Enfim, a atuação do Oficial de registro se revelou acertada, legítima, uma vez considerada a amplitude da qualificação registral, “juízo prudencial, positivo ou negativo, da potência de um título em ordem a sua inscrição predial, importando no império de seu registro ou de sua irregistração.” [4]
A qualificação registral, iluminada pelo princípio da legalidade, não se restringe aos aspectos extrínsecos; abarca os intrínsecos, o conteúdo do título. A integralidade é um de seus traços. A propósito, lembro o acurado escólio do Desembargador Ricardo Dip:
No Brasil, a qualificação registral dos títulos exibidos diz respeito não apenas a seu aspecto exterior (título em sentido formal), mas igualmente à causa de aquisição ou de oneração (título em sentido material)…
Tampouco se restringe o juízo qualificador ao título ordinário (ou principal), estendendo-se aos acessórios (ou complementares)…, nem se limita, sob o color da origem pública dos títulos, a apreciar os instrumentos privados.[5]
Pelo exposto, nego provimento à apelação.
JOSÉ RENATO NALINI
Corregedor Geral da Justiça e Relator
Notas:
[1] Apelação Cível n.° 23.623-0/1, relator Desembargador Antônio Carlos Alves Braga, julgada em 20.02.1995; Apelação Cível n.° 76.030-0/8, relator Desembargador Luís de Macedo, julgada em 08.03.2001; e Apelação Cível n.° 990.10.261.081-0, relator Desembargador Munhoz Soares, julgada em 14.09.2010.

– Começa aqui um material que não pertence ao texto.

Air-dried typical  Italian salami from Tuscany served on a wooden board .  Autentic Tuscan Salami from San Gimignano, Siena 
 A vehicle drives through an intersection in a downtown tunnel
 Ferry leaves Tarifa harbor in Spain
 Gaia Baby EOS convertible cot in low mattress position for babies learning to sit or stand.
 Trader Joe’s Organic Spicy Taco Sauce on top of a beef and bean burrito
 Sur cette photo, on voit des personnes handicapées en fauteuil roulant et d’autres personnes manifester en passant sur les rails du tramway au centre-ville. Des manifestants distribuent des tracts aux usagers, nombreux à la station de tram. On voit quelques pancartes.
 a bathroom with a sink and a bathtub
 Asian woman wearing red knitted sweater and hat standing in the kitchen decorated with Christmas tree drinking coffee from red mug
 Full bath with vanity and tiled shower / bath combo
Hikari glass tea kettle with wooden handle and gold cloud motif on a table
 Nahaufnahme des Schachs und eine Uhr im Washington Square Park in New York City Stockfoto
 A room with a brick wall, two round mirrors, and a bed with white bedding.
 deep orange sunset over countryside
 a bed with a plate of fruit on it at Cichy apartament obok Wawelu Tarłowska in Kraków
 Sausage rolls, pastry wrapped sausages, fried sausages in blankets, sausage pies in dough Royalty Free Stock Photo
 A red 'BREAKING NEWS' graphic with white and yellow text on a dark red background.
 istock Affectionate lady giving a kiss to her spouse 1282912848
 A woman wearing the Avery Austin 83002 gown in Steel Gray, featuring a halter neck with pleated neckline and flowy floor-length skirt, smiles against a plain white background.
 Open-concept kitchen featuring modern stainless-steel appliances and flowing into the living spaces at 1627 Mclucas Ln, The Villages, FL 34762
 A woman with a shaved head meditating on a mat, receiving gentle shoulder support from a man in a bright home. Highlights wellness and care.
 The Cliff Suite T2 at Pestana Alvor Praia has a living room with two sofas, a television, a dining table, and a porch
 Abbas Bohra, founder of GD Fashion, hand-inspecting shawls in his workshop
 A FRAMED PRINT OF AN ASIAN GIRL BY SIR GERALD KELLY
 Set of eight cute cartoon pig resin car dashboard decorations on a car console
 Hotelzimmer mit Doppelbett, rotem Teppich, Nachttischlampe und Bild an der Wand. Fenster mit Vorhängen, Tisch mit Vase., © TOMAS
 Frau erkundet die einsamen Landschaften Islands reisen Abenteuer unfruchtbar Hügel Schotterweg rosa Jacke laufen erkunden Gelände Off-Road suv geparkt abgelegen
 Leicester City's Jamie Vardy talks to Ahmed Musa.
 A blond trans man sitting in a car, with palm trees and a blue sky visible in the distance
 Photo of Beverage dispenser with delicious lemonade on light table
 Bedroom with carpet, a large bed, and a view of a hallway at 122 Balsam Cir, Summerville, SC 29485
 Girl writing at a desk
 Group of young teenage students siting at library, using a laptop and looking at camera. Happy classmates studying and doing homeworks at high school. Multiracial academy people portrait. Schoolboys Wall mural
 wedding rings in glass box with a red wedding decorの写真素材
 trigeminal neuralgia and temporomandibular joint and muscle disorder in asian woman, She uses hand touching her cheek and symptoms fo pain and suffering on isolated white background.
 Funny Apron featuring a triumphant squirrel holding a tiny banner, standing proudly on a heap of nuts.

[2] Neste sentido, assinalo: Apelação Cível n.°39.487-0/1, relator Corregedor Geral da Justiça Márcio Martins Bonilha, julgada em 31.07.1997; e Apelação Cível n° 404-6/6, relator Corregedor Geral da Justiça José Mário Antônio Cardinale, julgada em 08.09.2005.
[3] O Conselho Superior da Magistratura, ao julgar, em 10 de maio de 2012, a Apelação Cível n.° 0007969-54.2010.8.26.0604, da qual fui relator, reviu a sua posição sobre a natureza jurídica da aquisição de imóvel mediante arrematação judicial. Ao afirmar a inexistência de relação jurídica entre o adquirente e o anterior titular do direito real, a irrelevância da ausência de nexo causal entre o passado e a situação jurídica atual e a inocorrência de transmissão voluntária do direito de propriedade, admitiu que a arrematação é modo originário de aquisição do direito real de propriedade. Ou seja, com a arrematação, a propriedade adquirida se liberta dos vínculos anteriores, dos títulos dominiais pretéritos – dos quais não deriva e com os quais não mantém ligação –, tornando prescindível a observação do princípio da continuidade: assim, inclusive, entendeu o Conselho Superior da Magistratura, em 20 de seternbro de 2012, na Apelação Cível n° 0018138-36.2011.8.26.0032, sob minha relatoria.
[4] Ricardo Henry Marques Dip. Sobre a qualificação no registro de imóveis. In: Revista de Direito Imobiliário. n. 29, p. 33-72, janeiro-junho 1992. p. 40.